Release of angiotensin in response to ionic stimulation: A possible role for calmodulin in the secretory event

Although the synthesis and distribution of the putative neurotransmitter angiotensin (ANG) has been well established, little is known about the mechanism for its release. In this study, we utilized dissociated cell cultures of fetal rat brain to examine the cellular and ionic properties of angiotensin release. Graded concentrations of 0-60 mM KCl in the presence of 5 mM CaCl₂ were added to the cultured cells and the resulting angiotensin release was measured by radioimmunoassay and high-performance liquid chromatography.
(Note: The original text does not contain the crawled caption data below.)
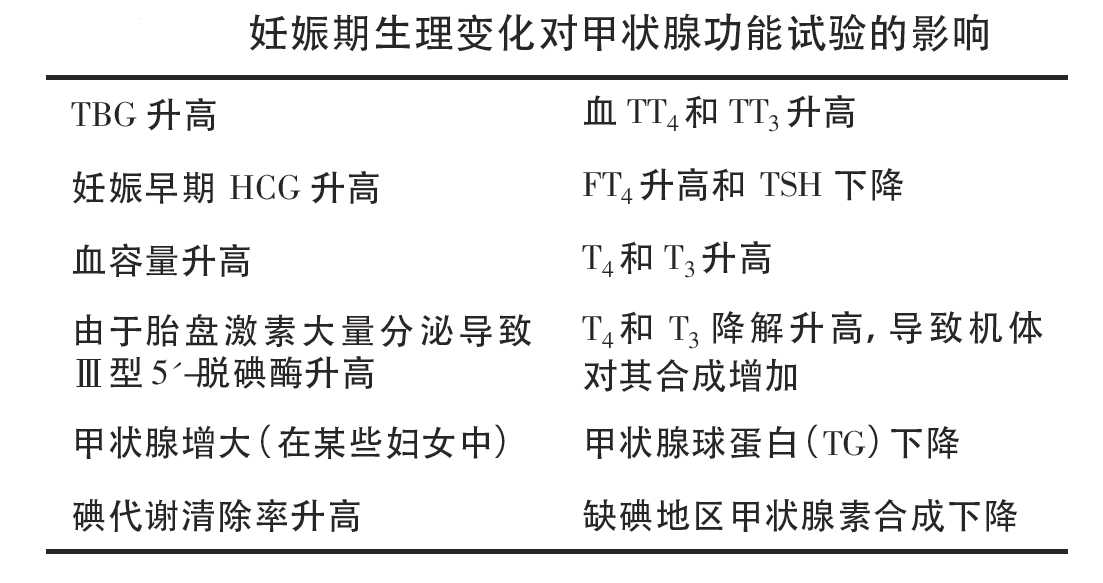 妊娠期甲状腺激素对孕妇和胎儿的影响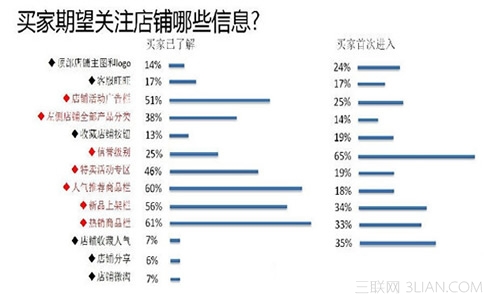 淘宝手机店铺的装修小技巧3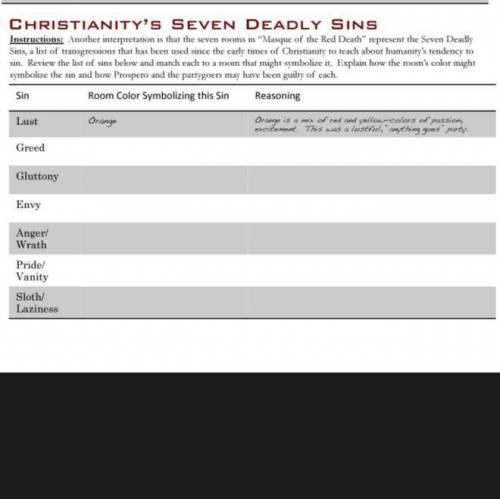 CHRISTIANITY'S SEVEN DEADLY SINS

Instructions: Another interpretation is that the seven rooms in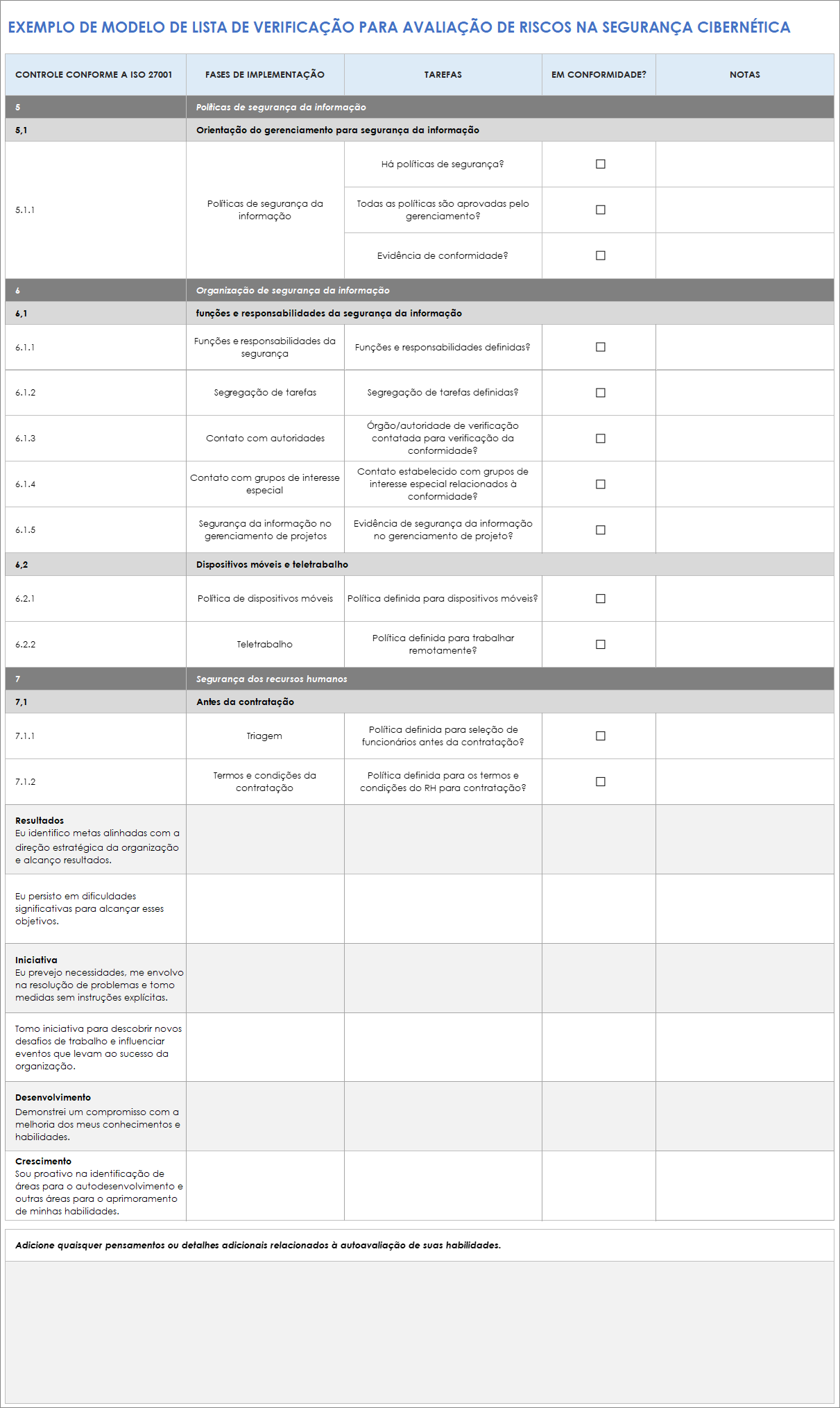 Modelo de lista de verificação de avaliação de risco de segurança cibernética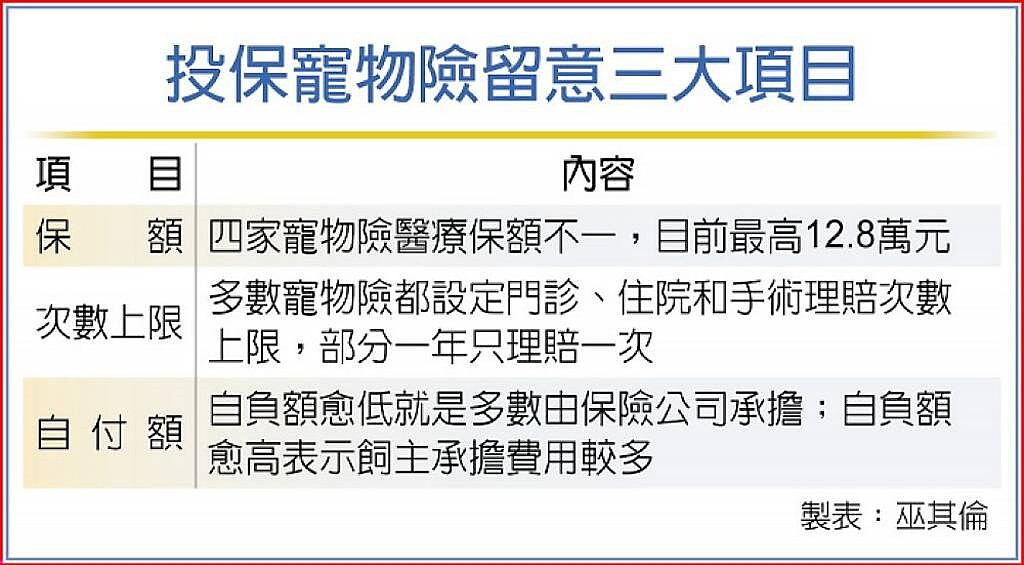 投保寵物險留意三大項目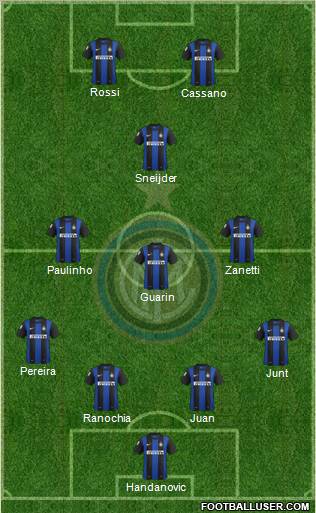 F.C. Internazionale Formation 2012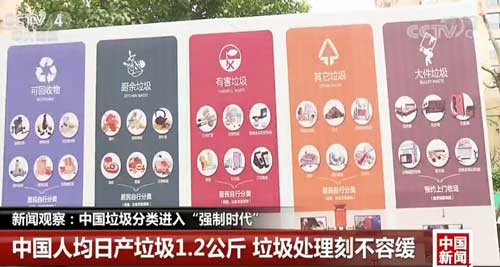 人均垃圾_垃圾分类手抄报(3)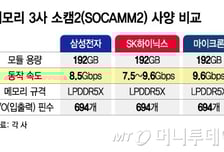 메모리 3사 '소캠2' 출격 대기…HBM 이어 'AI 메모리 2라운드'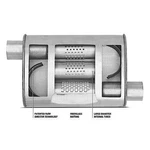 Dynacoat 570673 Automotive Paint Product New. Price: $67.23.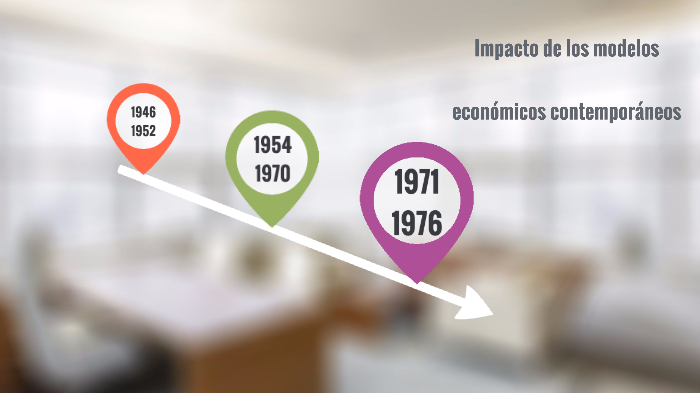 Evidencia de aprendizaje by jkarlos Lopez on Prezi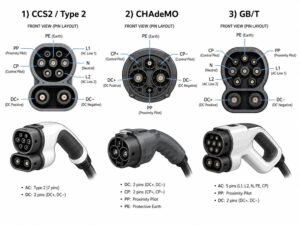 how charge chinese ev europe 3
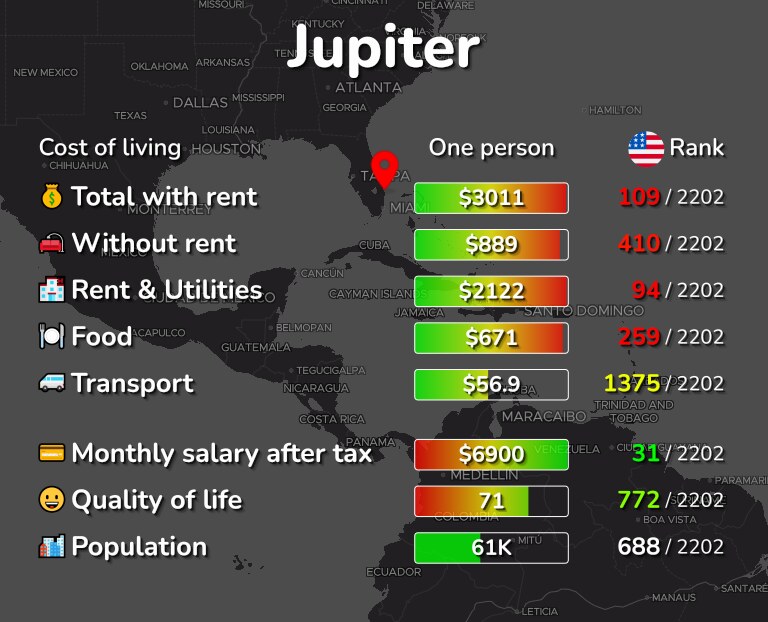 Cost of living in Jupiter infographic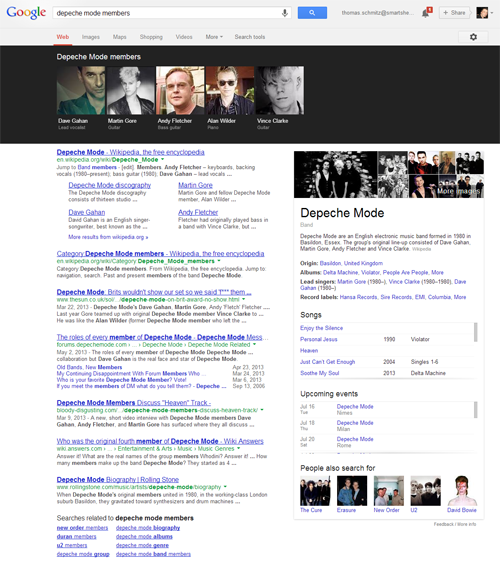 Google Knowledge Graph and Entity Search Results for Depeche Mode Members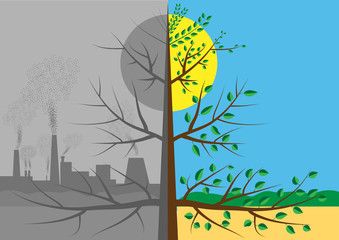 Плакат по загрязнению воздуха с деревом, заводами и дымом и чистым пейзажем с другой стороны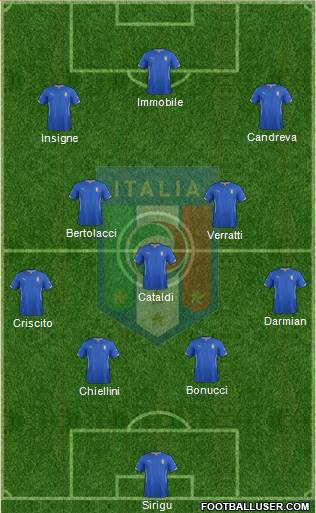 Italy Formation 2015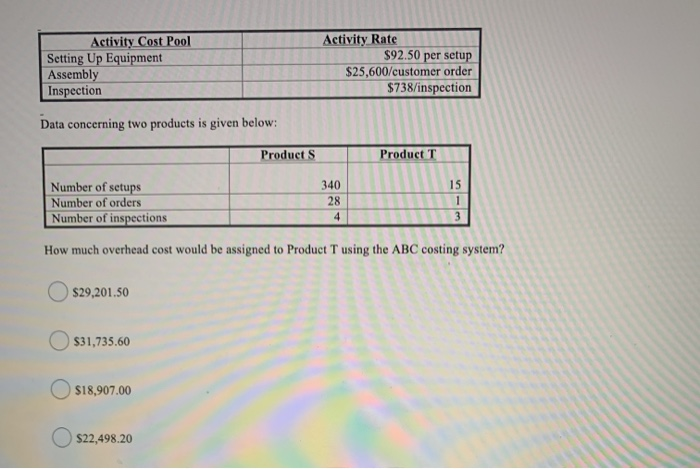  Activity Cost Pool Setting Up Equipment Assembly Inspection Activity Rate $92.50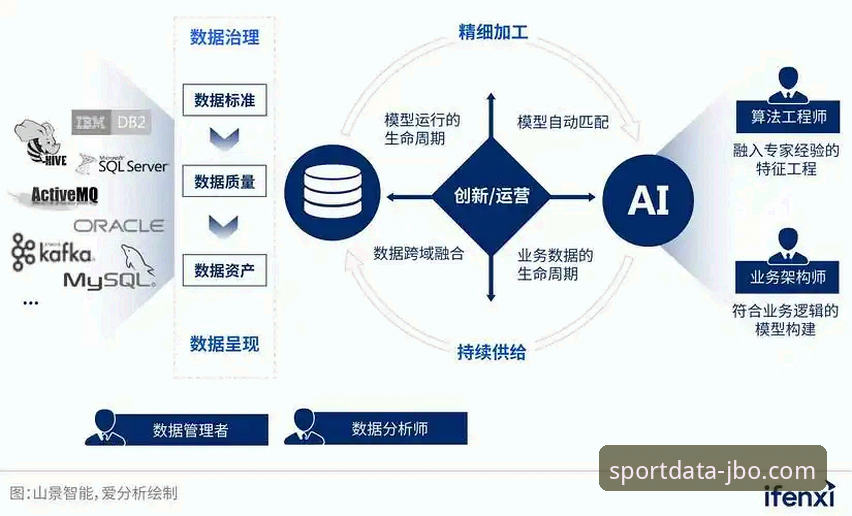 3个关键步骤掌握JBO数据决策使用指南，提升体育数据分析效率
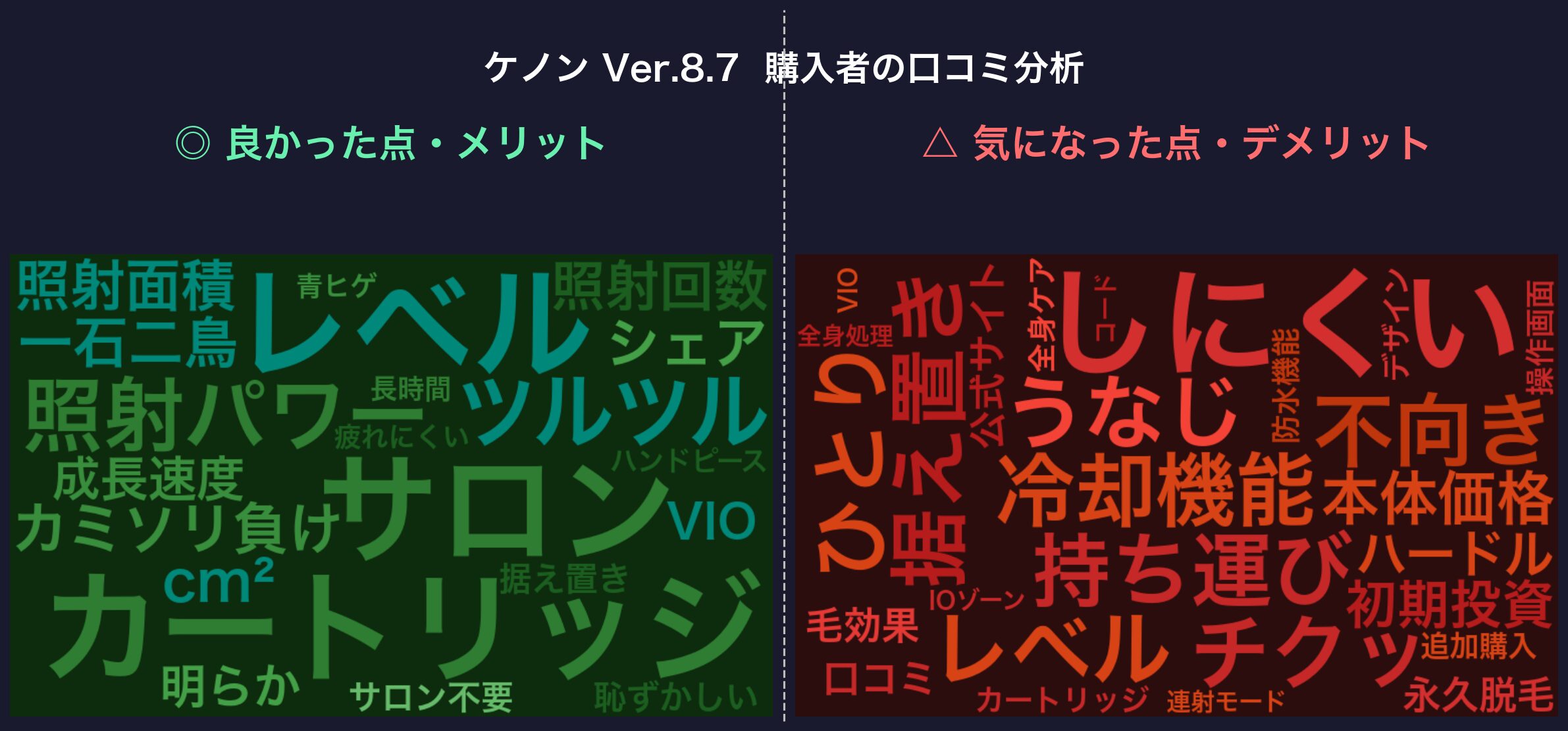 口コミワードクラウド：ケノン Ver.8.7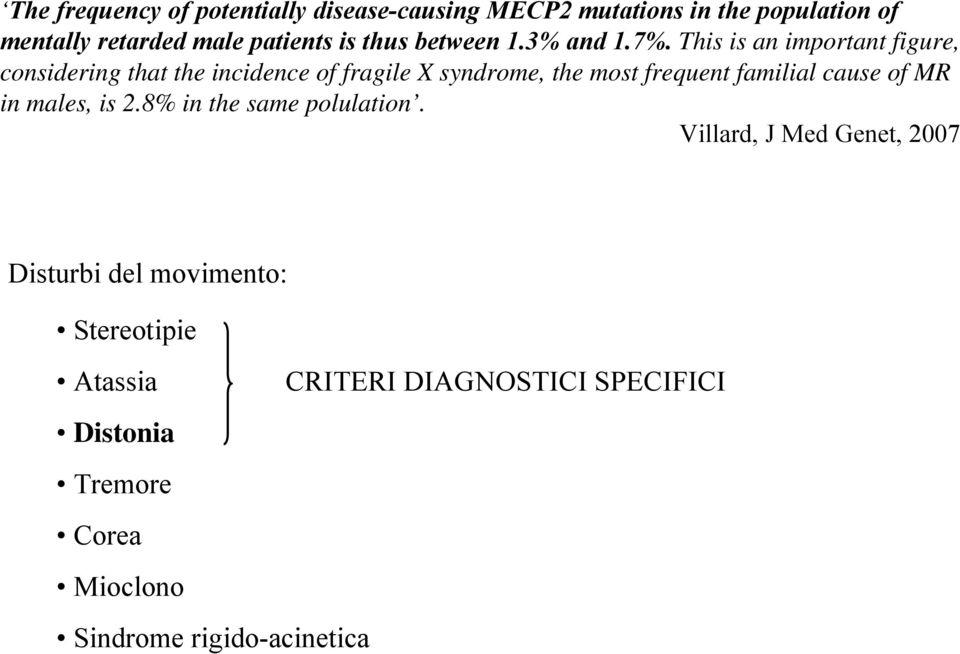 This is an important figure, considering that the incidence of fragile X syndrome, the most frequent familial cause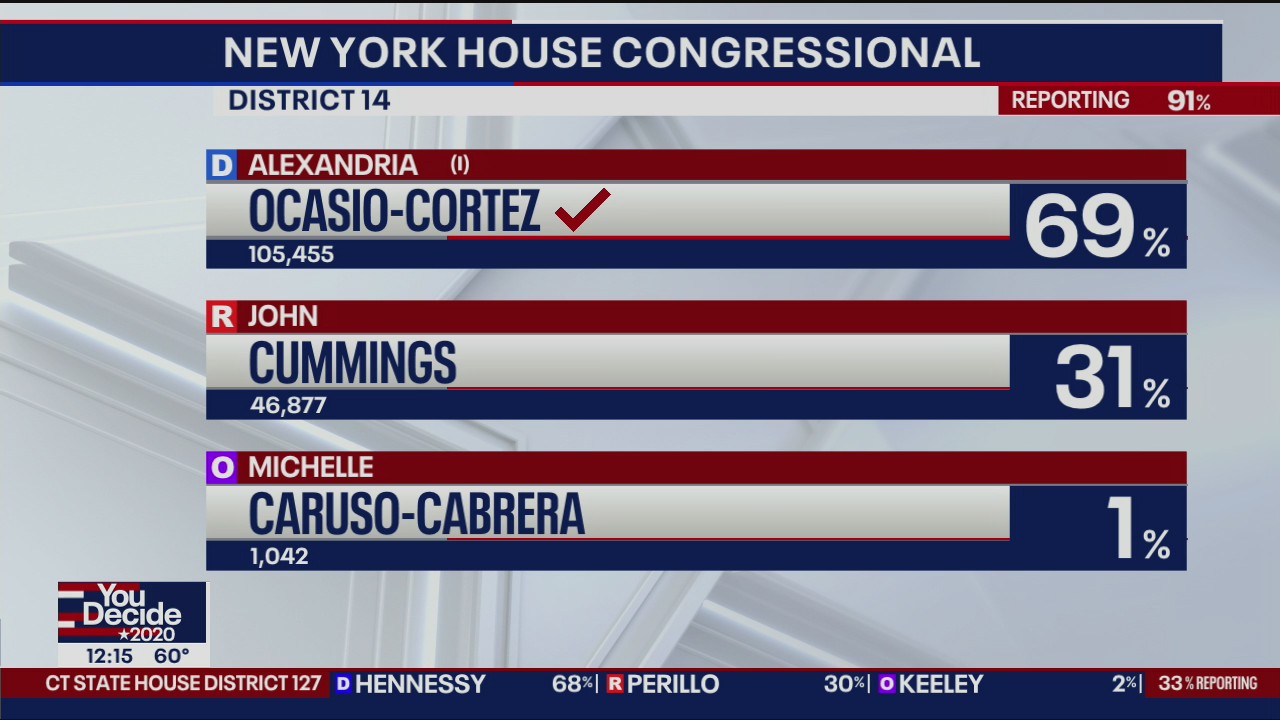 Update on congressional races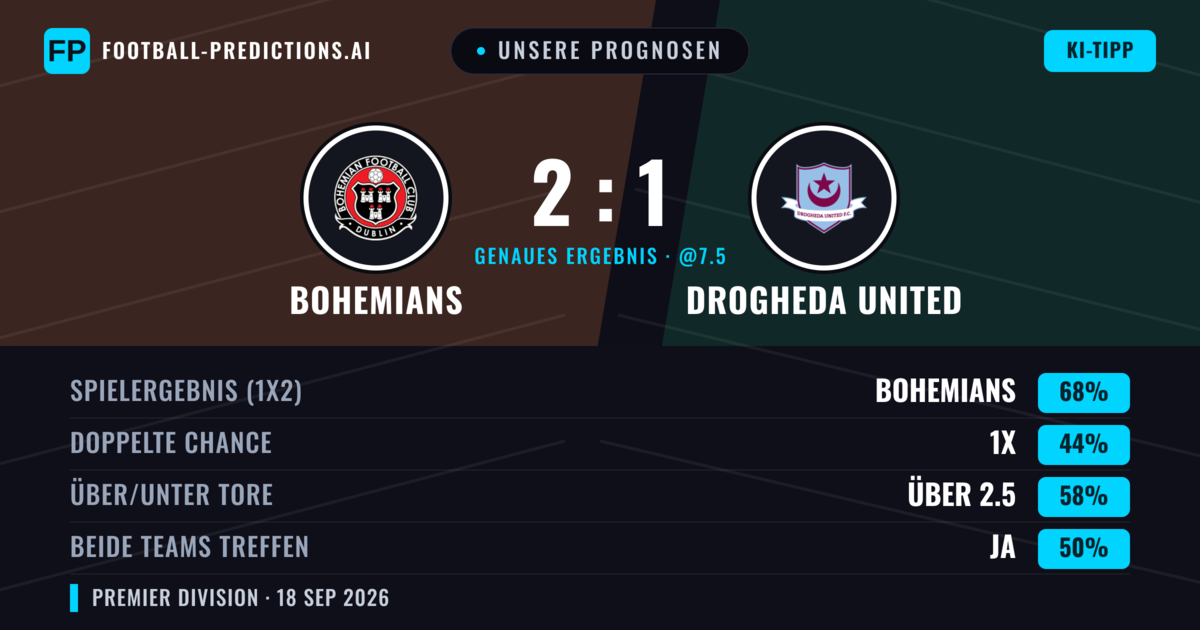 Unsere Prognosen: Bohemians vs Drogheda United — Bohemians — Sieg (66%); Über 2.5; Beide treffen: Ja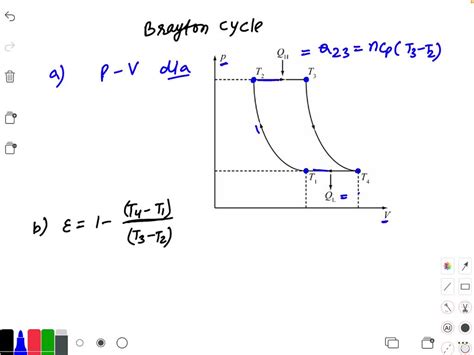 Solved Figure P Shows Two Power Cycles Denoted And Operating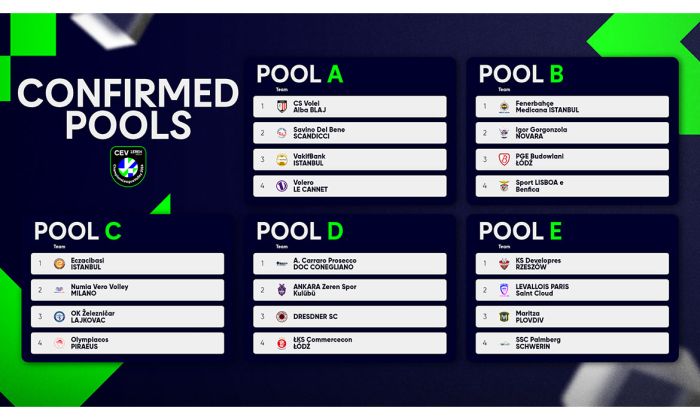 Olimpijakos u C grupi sa Železničarom – Kovačević i Tabaković ponovo u Lajkovcu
Levels of angiotensin release increased from 13.85 ±1.53 pg/mg protein to 172.64 ± 17.49 pg/mg protein with increasing concentrations of K⁺. Cultures incubated with 60 mM KCl buffer that did not contain CaCl₂ released 39.87 ± 15.74 pg ANG/mg protein. To further show the link between ionic stimulation and angiotensin release and determine the potential role of extracellular sodium ions on angiotensin release, cultures were incubated with the Na⁺-channel blocker tetrodotoxin (300 nM TTX) prior to maximal stimulation with 60 mM KCl/5 mM CaCl₂ in the presence of the channel antagonist. Release was attenuated following incubation with stimulating buffer containing TTX (300 nM) to 5.49± 4.37 pg/mg protein. Finally, to determine the role of the calcium binding protein calmodulin in the release event, the cells were incubated with graded concentrations of W-7 (2.5-250 μM) and subsequently stimulated with 60 mM KCl/5 mM CaCl₂ in the presence of the calmodulin antagonist. W-7, which displays specificity for inhibition of the Ca²⁺ calmodulin complex below 0.2 mM, decreased angiotensin release in a dose-dependent manner. These data support the hypothesis that potassium-induced angiotensin release is a calcium-dependent process that requires the activation of calmodulin, providing additional support for the role of angiotensin as a putative neurotransmitter.